Sunday, October 6

How likely is it that an asteroid will hit Earth?

Imagine that an asteroid is heading at full speed towards Earth. It is the size of the Eiffel Tower, shaped like a peanut, and is potentially dangerous. It sounds scary, and it’s not even made up. The asteroid in question, called 2024 ON, has already passed by Earth. He did not avoid us, but there was never a chance of it crashing.

Since its discovery in July 2024, media and content creators made headlines about the details of the asteroid: it was 370 meters in diameter, traveling at about 40,000 kilometers per hour, was considered “potentially dangerous” by space authorities, and was heading towards the Land.

But as soon as 2024 ON was discovered, Astronomers calculated that it would pass by our planet at a distance of one million kilometers. That’s more than double the distance to the Moon. “Publications need to have these ‘cliffhangers’ to receive visits,” said Juan Luis Cano, of the European Space Agency’s Planetary Defense Office. “But daily we receive visits from many objects.”

In fact, around 100 tons of space material impact Earth every day. Fortunately, the mass is distributed among many tiny particles, rather than one large destroying body.

Near-Earth Objects

The Office of Space Affairs of the The United Nations defines near-Earth objects (NEOs) simply as any asteroid or comet that passes close to Earth’s orbit..

In more technical terms, NEOs are objects with a perihelion (their closest orbital distance from the sun) of less than 195 million kilometers.

Since the Earth orbits the Sun at a distance of about 150 million kilometers, NEOs are well within our solar neighborhood. Scientists like Cano know of about 34,000 NEOs, but none of the largest are currently on track to impact Earth.

How likely is an asteroid impact?

While tiny NEOs hit Earth every day, larger ones do so much less frequently.
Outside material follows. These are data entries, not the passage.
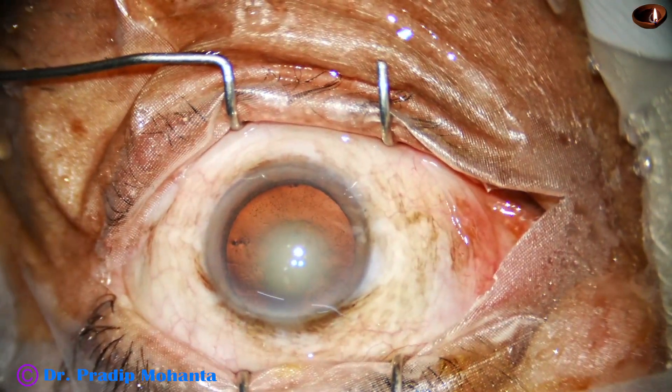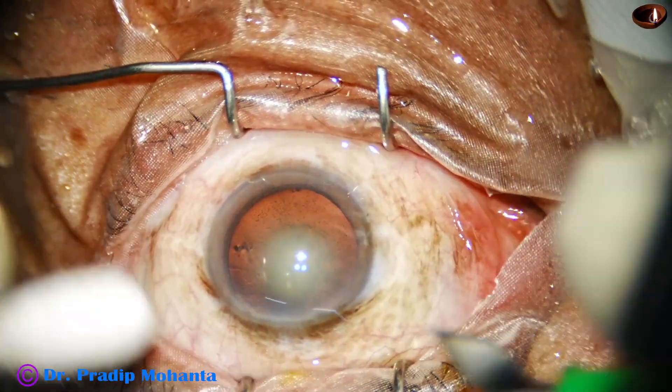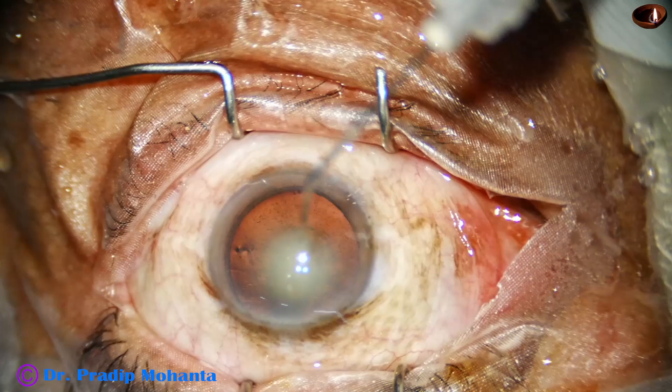Friends, let us observe a totally unedited direct chop FECO.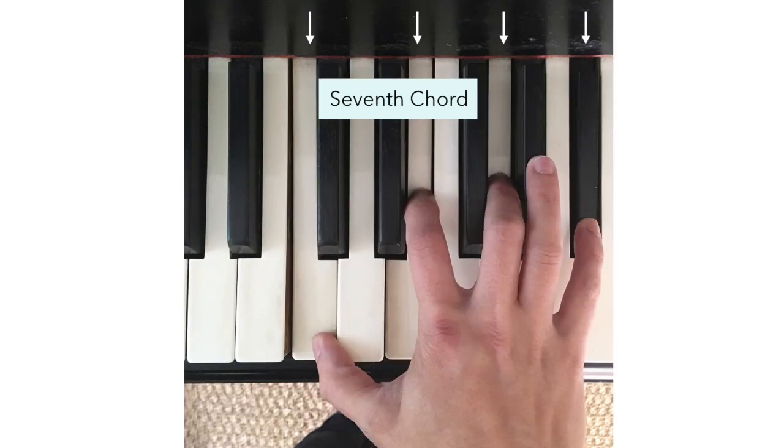Now a seventh chord — we add a minor seventh above the root, so we actually have four notes in the seventh chord. This is an example of a C7 chord; that's how it would be written on a lead sheet or a chord chart. It has the notes of the C major chord, which again is C, E, and G — those are the first three notes you see there — and then the B flat on the top is that seventh.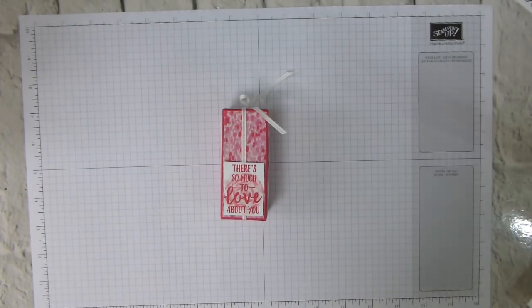Hi there, it's Liz Yule from Old Stables Crafts. Thank you very much for joining me again today. Today is the promised project using my July craft kit and the best root papers and associated bits and pieces.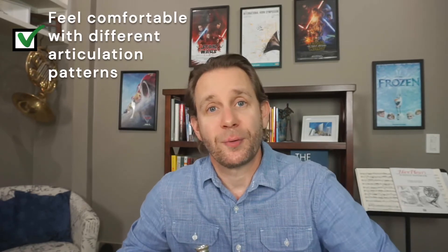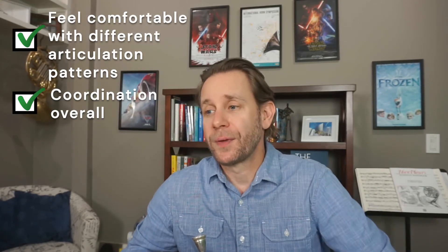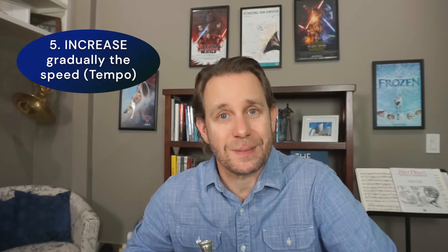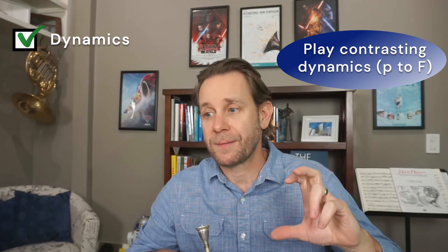Once I feel comfortable with all of that and everything is coordinating and working really well, I can start thinking about increasing the speed of this study. We're going to give this one a go, always keeping in mind dynamics — making sure I'm playing very clearly the difference in dynamics from piano to forte and everything in between, focusing on moving the air stream very connected all the way through and making this as musical as possible.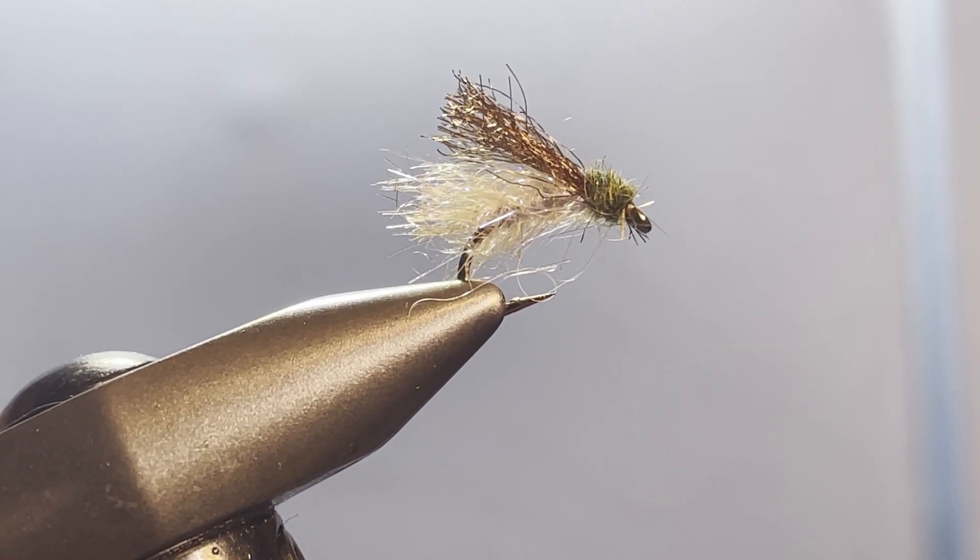Welcome back to Shorty on the Fly. Today I'm going to show you a caddis emerger pattern. It's a simple little fly to tie, based on a pattern that Rich Stralis came up with which he calls the Classified Caddis. I'm going to call mine the Declassified Caddis because I do it a little bit differently than Rich does.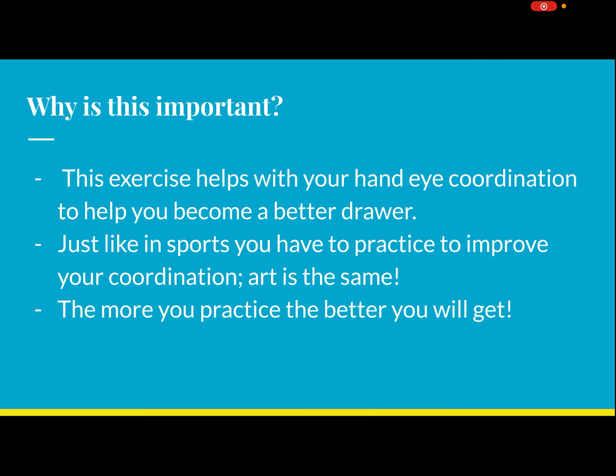Why is this important? This exercise helps with your hand-eye coordination and helps you become a better drawer. Just like in sports you have to practice to improve your coordination — art is the exact same way. The more you practice, the better you will get.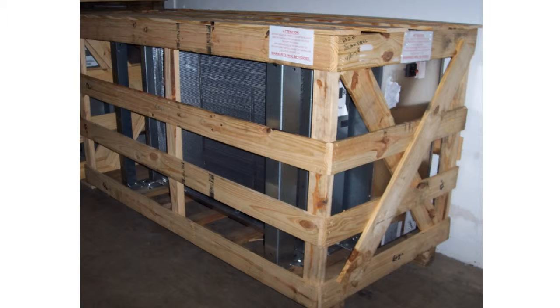When the remote condenser arrives, it is packaged for transport and the legs are not extended. Inspect it for any damage, such as the bent header seen here. Report any damage to the carrier immediately.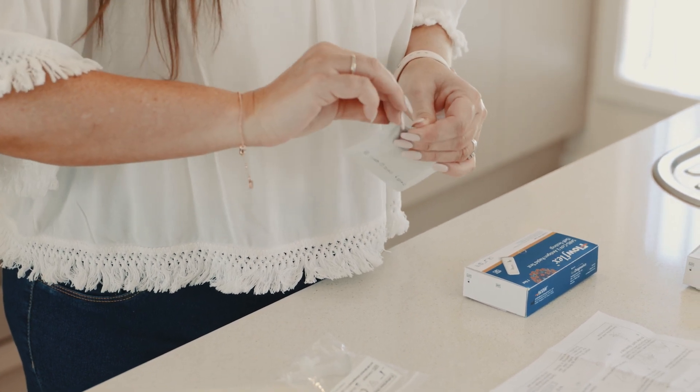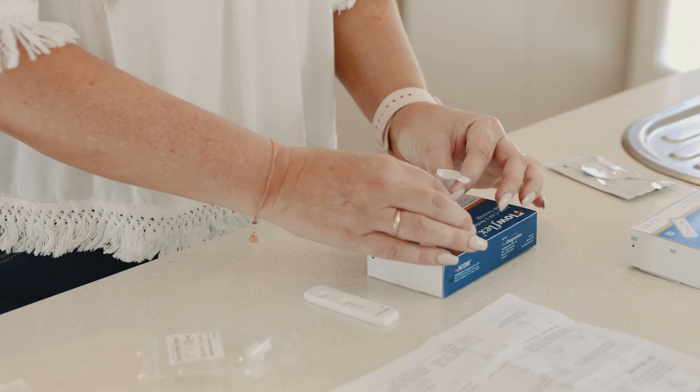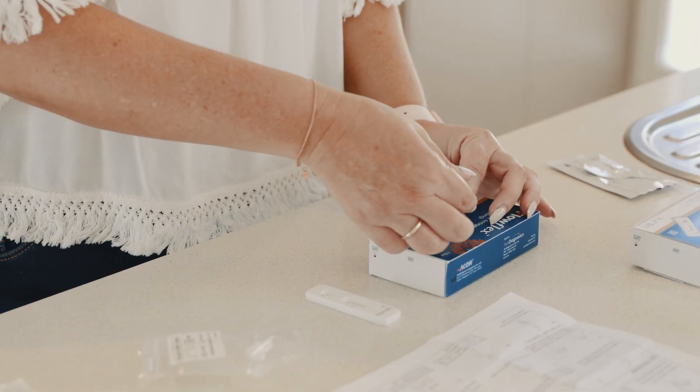Open your test cassette pouch. Carefully peel off the foil from the extraction tube and place it in the hole indicated on the box.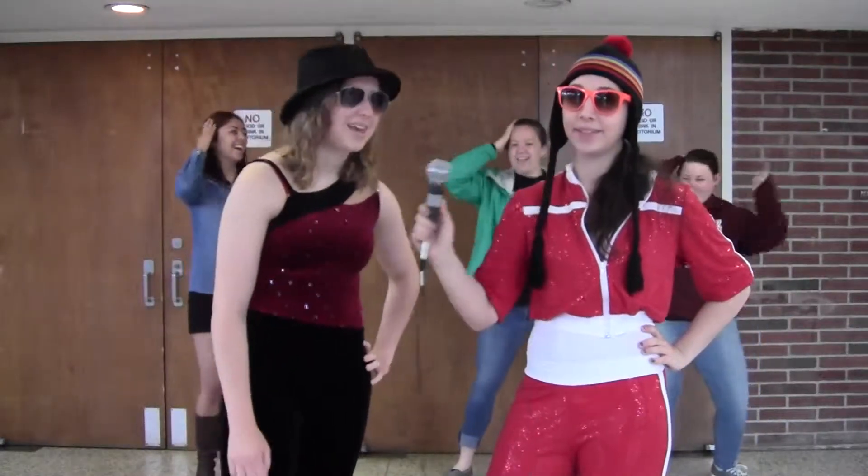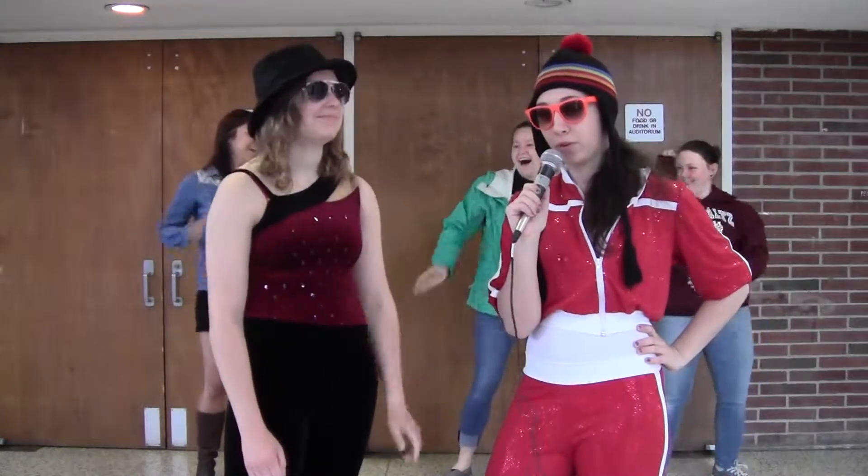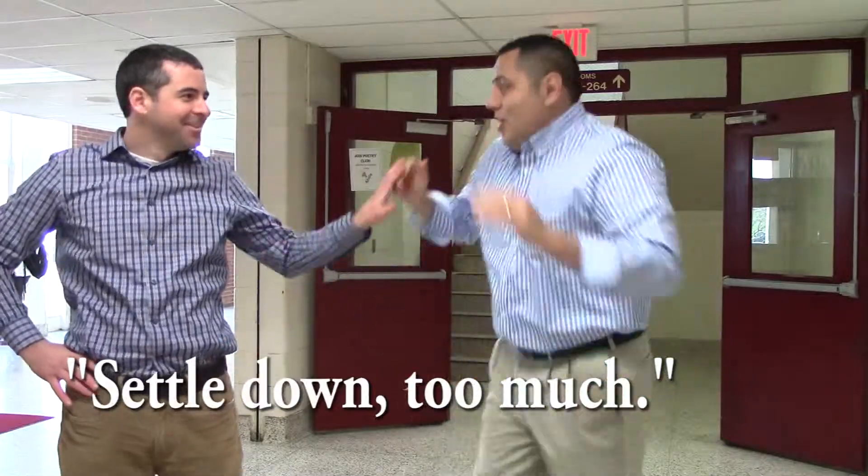All right guys, so that's it for today. I'm Dakota Reinecke and I'm Courtney Smith — keep grooving, New Paltz!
Asteroids the size of 2024 ON could hit Earth once every 10,000 years.

Those more than a kilometer in diameter, like the Chicxulub asteroid that caused the extinction of the dinosaurs 66 million years ago, could do so every 260 million years.

“We estimate that there are around a thousand objects larger than one kilometer and we have discovered 95% of them,” Cano said. “They are the ones that could really cause a global disaster.”

But the smallest ones also have destructive potential. Depending on the speed and angle of entry into Earth’s atmosphere, a 40-meter-wide rock could level an entire city. Hundreds of thousands of smaller NEOs have not yet been catalogued. “We discovered around 3,000 near-Earth asteroids [NEAs] every year,” Cano said. “But we need to find them faster.”

Finding nearby objects: a ‘complicated’ task

In the last decade or so, two space telescopes have been in charge of finding NEOs. First was NEOWISE, which documented more than 158,000 NEOs before retiring in 2024 on a more than 10-year mission. Second is a mission called Near-Earth Object Surveyor.

The NEO Surveyor should begin operating in 2027. Its objective will be to find the rest of the potentially dangerous asteroids 50 million kilometers from Earth’s orbit. But finding dangerous objects in space is complicated. “One of the hardest things to do in astronomy is determine how far away something is,” said Amy Mainzer, a UCLA planetary scientist who led the NEOWISE mission and will lead NEO Surveyor.

“One might think, ‘Well, we see objects at the edge of space, why don’t we know what’s right next to us here on Earth?’ Don’t we know everything?’ and the answer is, ‘No, it’s actually very difficult.'”

Take Apophis for example. When it was first identified in 2004, the 340-meter-wide Apophis was considered one of the most potentially dangerous objects ever discovered. It was thought that it could impact the Earth in 2029, 2036 or 2068.

Subsequent calculations ruled out that possibility. Apophis will pass 30,000 kilometers from the planet, closer than the Moon and within the range of geostationary satellites. But according to current projections the impact will not occur.

What would happen if a new rogue NEO was detected on a collision course with Earth? If given enough notice, engineers could try to reroute it.

In 2022, NASA’s Double Asteroid Redirection Test (DART) mission successfully crashed a spacecraft into an asteroid called Dimorphos. It was shown that a mission based on collisions could change the direction of a celestial body and defend our planet.

ESA plans to launch a reconnaissance mission called Hera in October 2024 to inspect the aftermath left by DART.